It’s Monday night, it’s a little after 10:30, and I am not doing the laundry.
Before you start in with #firstworldproblems, let me explain. Mondays are my laundry day. Mondays are also a work day and cello lesson day and Cub Scout night, but it’s one of the only consistent days where I’m home with the kids, due to a really whacky custody schedule. (It works well, except for minor details like finishing projects around the house and remembering which house I’m in when I wake up in the morning.) It’s tempting to just do it every other Saturday when I’m home, but we’d run out of clean jeans and underpants. Also, my son’s dirty socks would probably achieve sentience and take over the neighborhood if I left them alone that long.
So, Mondays it is. But not this Monday. I’m just as tired as I am on most Monday nights – VERY tired, since they tend to run for about 18 hours with only a few minutes’ break here and there, with at least one meal a day eaten while I’m working or standing up. I’m just as busy. The clothes are just as dirty. But tonight I am putting my weary bare foot down and saying no to the laundry.
The next five weeks will be [insert bad word here]. I made a quick estimate of the number of lessons, rehearsals and performances I’ll be involved in over the next five weeks, and it’s around 120. Some are half an hour long, some will approach five hours. Nearly 100 of those will be in the next 19 days, building up to a hellacious three-day period with two major evening performances and a day-long student competition. It’s not my favorite part of the year, but it’s a crucial part of making enough money to survive the summer.

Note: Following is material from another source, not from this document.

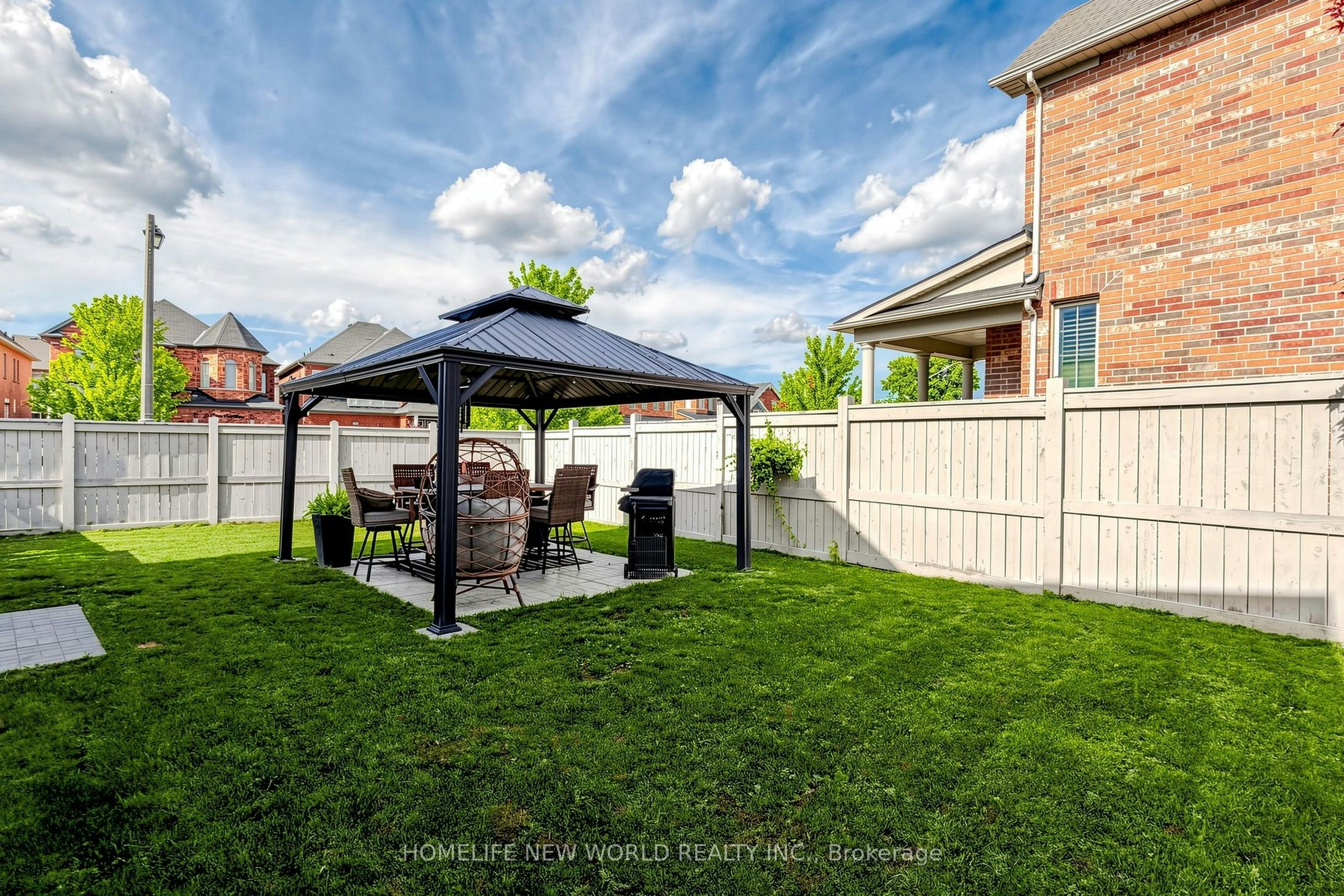 2 Lucida Court, Whitchurch-Stouffville, ON, L4A 1S1 - 40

I’ve decided to do a few things every day of the next five weeks, in order to keep my sanity. They’re everyday, obvious things – drink water, sleep, take a walk, spend 15 minutes reading something non-work-related, that kind of thing. But these are things I will forget to do this month, if I don’t remind myself.
I blush to admit it, but I made a rewards chart. It has little squares for star stickers. (I paperclipped the stickers to the chart so I wouldn’t lose them.) Today I got five stars out of the seven. The sixth one (quiet meditation on Scripture) I can do right before bed. The seventh one involves sleep.
And that means going to bed.
Now.
Even if the laundry isn’t sorted.
This shouldn’t feel like an epiphany, but it does. I am so accustomed to doing one more thing, sorting one more basket, stuffing one more thing into an already too-full day. I’m trying to make tomorrow easier, but the truth is that tomorrow is going to be a lot like today no matter what I do tonight – I’ll just be groggy from lack of sleep if I try to get too far ahead of myself. This seems painfully obvious, now that I think about it.
The small, homely epiphanies are the ones that most thoroughly surprise me.